Start of RECORDS PROVIDED

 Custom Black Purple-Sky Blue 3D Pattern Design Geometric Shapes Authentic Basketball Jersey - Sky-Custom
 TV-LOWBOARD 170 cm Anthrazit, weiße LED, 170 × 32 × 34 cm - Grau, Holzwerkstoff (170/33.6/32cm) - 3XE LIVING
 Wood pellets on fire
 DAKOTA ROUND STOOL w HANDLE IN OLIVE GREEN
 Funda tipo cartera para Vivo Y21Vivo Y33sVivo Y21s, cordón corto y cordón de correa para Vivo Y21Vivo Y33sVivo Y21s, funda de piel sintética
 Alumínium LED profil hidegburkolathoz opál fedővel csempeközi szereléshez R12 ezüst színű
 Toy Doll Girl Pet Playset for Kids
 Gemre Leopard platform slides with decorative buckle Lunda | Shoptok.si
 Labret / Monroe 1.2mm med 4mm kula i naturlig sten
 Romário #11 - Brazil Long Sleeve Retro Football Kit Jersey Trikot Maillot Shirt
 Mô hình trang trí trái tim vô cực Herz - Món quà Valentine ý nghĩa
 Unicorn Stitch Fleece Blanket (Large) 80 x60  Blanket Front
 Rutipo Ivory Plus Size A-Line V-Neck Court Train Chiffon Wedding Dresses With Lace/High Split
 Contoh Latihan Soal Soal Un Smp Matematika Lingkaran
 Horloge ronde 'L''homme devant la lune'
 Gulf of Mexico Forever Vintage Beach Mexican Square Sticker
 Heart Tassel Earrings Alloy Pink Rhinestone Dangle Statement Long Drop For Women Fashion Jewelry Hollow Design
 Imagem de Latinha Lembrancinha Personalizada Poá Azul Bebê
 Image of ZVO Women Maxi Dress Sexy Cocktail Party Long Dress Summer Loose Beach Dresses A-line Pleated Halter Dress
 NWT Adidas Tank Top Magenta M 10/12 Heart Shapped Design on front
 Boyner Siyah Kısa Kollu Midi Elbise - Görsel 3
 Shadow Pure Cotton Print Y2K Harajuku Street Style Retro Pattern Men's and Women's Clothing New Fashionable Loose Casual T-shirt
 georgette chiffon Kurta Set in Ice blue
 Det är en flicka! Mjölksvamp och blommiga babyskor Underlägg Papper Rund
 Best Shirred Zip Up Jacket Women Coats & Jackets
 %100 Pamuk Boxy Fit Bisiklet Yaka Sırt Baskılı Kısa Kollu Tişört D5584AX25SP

End of RECORDS PROVIDED

_WHAT THE TASK REQUIRES_
Copy, please, exactly the lines that start at the first line of the data and end at the line containing "Mô hình trang", both kept and no others.

_ANSWER FOR THIS EXERCISE_
 Custom Black Purple-Sky Blue 3D Pattern Design Geometric Shapes Authentic Basketball Jersey - Sky-Custom
 TV-LOWBOARD 170 cm Anthrazit, weiße LED, 170 × 32 × 34 cm - Grau, Holzwerkstoff (170/33.6/32cm) - 3XE LIVING
 Wood pellets on fire
 DAKOTA ROUND STOOL w HANDLE IN OLIVE GREEN
 Funda tipo cartera para Vivo Y21Vivo Y33sVivo Y21s, cordón corto y cordón de correa para Vivo Y21Vivo Y33sVivo Y21s, funda de piel sintética
 Alumínium LED profil hidegburkolathoz opál fedővel csempeközi szereléshez R12 ezüst színű
 Toy Doll Girl Pet Playset for Kids
 Gemre Leopard platform slides with decorative buckle Lunda | Shoptok.si
 Labret / Monroe 1.2mm med 4mm kula i naturlig sten
 Romário #11 - Brazil Long Sleeve Retro Football Kit Jersey Trikot Maillot Shirt
 Mô hình trang trí trái tim vô cực Herz - Món quà Valentine ý nghĩa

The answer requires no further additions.